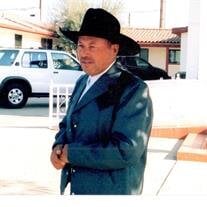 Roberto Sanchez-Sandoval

==

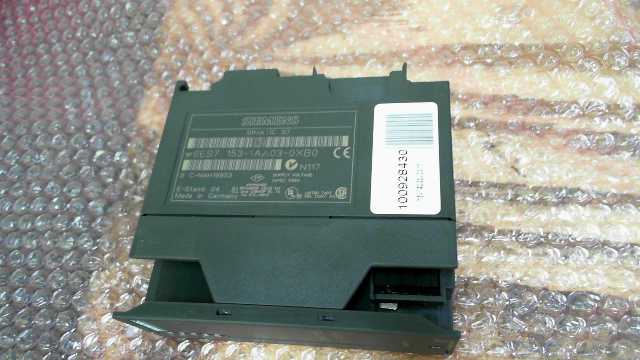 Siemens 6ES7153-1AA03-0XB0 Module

* * *

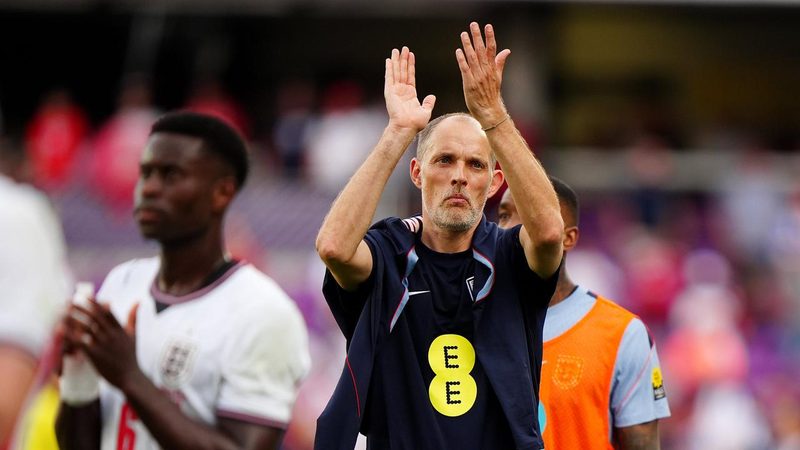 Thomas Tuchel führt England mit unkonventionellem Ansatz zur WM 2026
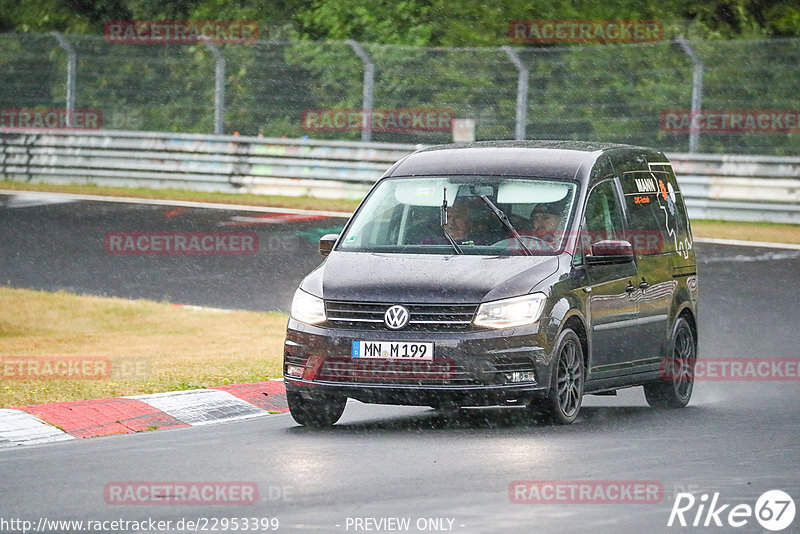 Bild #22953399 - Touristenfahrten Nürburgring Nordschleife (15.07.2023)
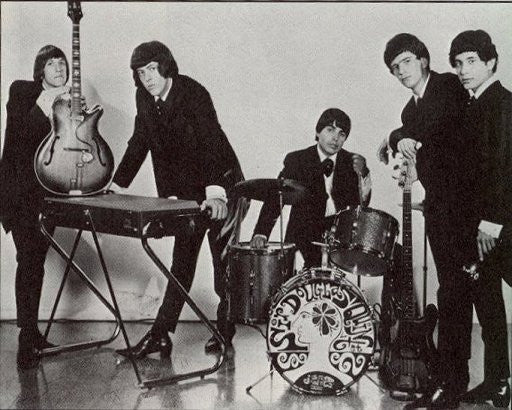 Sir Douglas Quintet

### WORK TO BE COMPLETED
Starting with the line that contains "Bild #22953399 - Touristenfahrten" and finishing with the line that contains "Sir Douglas Quintet", reproduce every line of the material above exactly, but not the pictures.

### ANSWER BOX
 Bild #22953399 - Touristenfahrten Nürburgring Nordschleife (15.07.2023)
 Sir Douglas Quintet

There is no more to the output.